──────── Material for this task ────────
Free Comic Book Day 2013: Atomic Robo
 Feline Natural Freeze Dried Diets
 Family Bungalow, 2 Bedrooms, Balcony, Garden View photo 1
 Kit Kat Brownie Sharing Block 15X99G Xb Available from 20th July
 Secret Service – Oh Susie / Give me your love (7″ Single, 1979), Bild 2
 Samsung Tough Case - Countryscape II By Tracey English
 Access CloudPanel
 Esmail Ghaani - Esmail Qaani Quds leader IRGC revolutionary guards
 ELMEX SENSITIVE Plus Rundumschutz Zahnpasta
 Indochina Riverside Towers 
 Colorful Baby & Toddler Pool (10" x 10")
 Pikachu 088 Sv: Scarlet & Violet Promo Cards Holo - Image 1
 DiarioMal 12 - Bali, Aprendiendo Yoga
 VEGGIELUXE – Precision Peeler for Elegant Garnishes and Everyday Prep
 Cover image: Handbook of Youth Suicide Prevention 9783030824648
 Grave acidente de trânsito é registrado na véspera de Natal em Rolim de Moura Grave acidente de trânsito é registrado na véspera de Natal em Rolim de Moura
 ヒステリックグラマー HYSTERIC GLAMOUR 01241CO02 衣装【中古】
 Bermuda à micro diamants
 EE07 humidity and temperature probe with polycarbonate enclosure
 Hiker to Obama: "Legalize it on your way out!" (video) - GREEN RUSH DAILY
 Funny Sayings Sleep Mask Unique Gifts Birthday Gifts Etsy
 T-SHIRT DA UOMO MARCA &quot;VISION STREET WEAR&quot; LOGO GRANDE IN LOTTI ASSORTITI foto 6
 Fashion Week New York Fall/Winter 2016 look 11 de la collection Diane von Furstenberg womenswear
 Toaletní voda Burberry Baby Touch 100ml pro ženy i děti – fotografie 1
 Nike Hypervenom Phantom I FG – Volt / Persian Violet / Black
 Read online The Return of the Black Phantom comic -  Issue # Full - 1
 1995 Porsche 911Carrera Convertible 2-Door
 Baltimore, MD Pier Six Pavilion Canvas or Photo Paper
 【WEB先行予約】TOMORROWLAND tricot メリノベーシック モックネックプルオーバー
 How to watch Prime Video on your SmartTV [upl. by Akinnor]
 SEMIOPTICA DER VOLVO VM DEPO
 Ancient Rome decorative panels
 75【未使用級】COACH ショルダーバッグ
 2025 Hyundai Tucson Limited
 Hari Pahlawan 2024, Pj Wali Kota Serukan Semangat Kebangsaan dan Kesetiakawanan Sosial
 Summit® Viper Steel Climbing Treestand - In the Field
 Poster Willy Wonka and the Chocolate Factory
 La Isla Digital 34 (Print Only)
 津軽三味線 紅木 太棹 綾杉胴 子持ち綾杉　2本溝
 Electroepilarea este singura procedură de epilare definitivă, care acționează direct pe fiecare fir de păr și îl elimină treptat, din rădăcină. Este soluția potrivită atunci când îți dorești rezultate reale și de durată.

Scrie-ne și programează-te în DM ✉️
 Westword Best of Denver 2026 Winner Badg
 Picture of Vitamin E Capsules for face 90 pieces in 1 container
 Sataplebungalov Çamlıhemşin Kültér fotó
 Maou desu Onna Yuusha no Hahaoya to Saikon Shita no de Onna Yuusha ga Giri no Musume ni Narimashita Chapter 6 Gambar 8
────────
*Requirement*. "Black" is the string to look for; please copy every line of the records above where it appears.

*Exercise solution*.
 Nike Hypervenom Phantom I FG – Volt / Persian Violet / Black
 Read online The Return of the Black Phantom comic -  Issue # Full - 1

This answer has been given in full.